The second was a forecast that countries whose farmers were most affected by these circumstances would reintroduce subsidies to support export prices.
The EU did just this on January 23, with support for skimmed milk powder and butter.
The EU also decided to buy 30,000 tonnes of butter and 109,000 tonnes of skim milk powder until August at least to help maintain domestic prices.
Now, to further add concern to New Zealand exporters, the United States - that nominal bastion of free trade but where its farmers enjoy $US30 billion ($NZ48.5 billion) of taxpayer support - is to reintroduce its dairy export subsidies in July, in part because of Fonterra's success and the efficiencies of New Zealand dairy farmers.
This means world market prices will be further depressed, because production will not diminish, with a potentially serious impact on the New Zealand economy.
In January, our Trade Minister Tim Groser happened coincidentally to be in Europe and he expressed New Zealand's strong concerns over the EU's decision to reinstate dairy export subsidies - without obvious effect.
New Zealand will now protest to the United States, but with probably the same result, and the American decision looks like putting further distance on any progress with a free trade agreement with this country.
The great risk of the recession unsubsidised exporters everywhere have feared was that some countries would introduce protectionist measures in short-sighted attempts to placate their own hard-pressed farmers, and now this has happened with the EU and the US, despite all the grand words of the G20 and Apec leaders last year not to resort to such measures during the economic crisis.
New Zealand's best hopes now are that the next Doha round of world trade talks can be concluded successfully and end protectionism, but if the subsidies become entrenched, New Zealand can join - for example - Australia and seek relief and compensation through the World Trade Organisation's disputes process.
There is a Cairns Group ministerial meeting in Bali early next month at which ministers from both New Zealand and Australia are certain to confront their EU and US counterparts over the matter.
As this country's history prior to the 1980s amply demonstrated, agricultural subsidies eventually become welfare for the well-off, paid out of the pockets of the less well-off, are regressive and market-distorting.
Governments able to resist the powerful lobbying of the protectionists are few, as New Zealand discovered when the 2006 Doha round failed because the EU, the US, and other heavy subsidisers of agriculture refused to make concessions that would enable smaller trading nations, such as ours, and especially developing nations, to have easier access to their huge markets.
Neither the US nor the EU was prepared then to make anything but minor reductions in subsidies after five years of negotiations.

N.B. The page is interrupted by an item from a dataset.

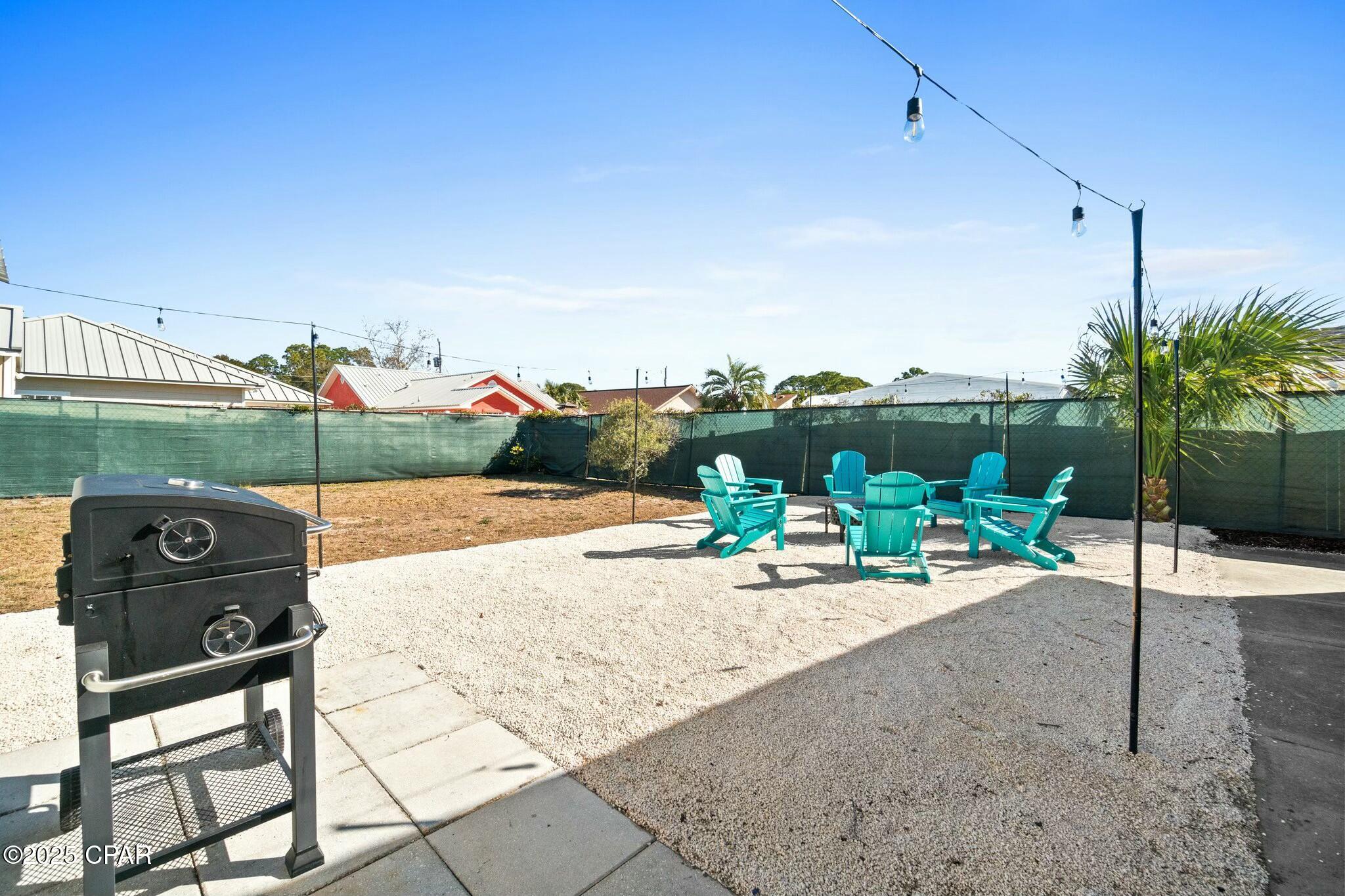 Image 12 For 7010 Beach Drive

In each case, a powerful political constituency - the agribusiness lobby - and the absence of broad voter understanding of the deleterious effects on them of such subsidies won the day.
Now, there is the prospect of tariff barriers in all directions as each exporting country attempts to shore up prices for its own, an action triggered by the distortions and overproduction of the subsidised.
The dismay which followed the failure of the talks three years ago and the fears that hopes for a freer world trading system may collapse are beginning to look ominously justified.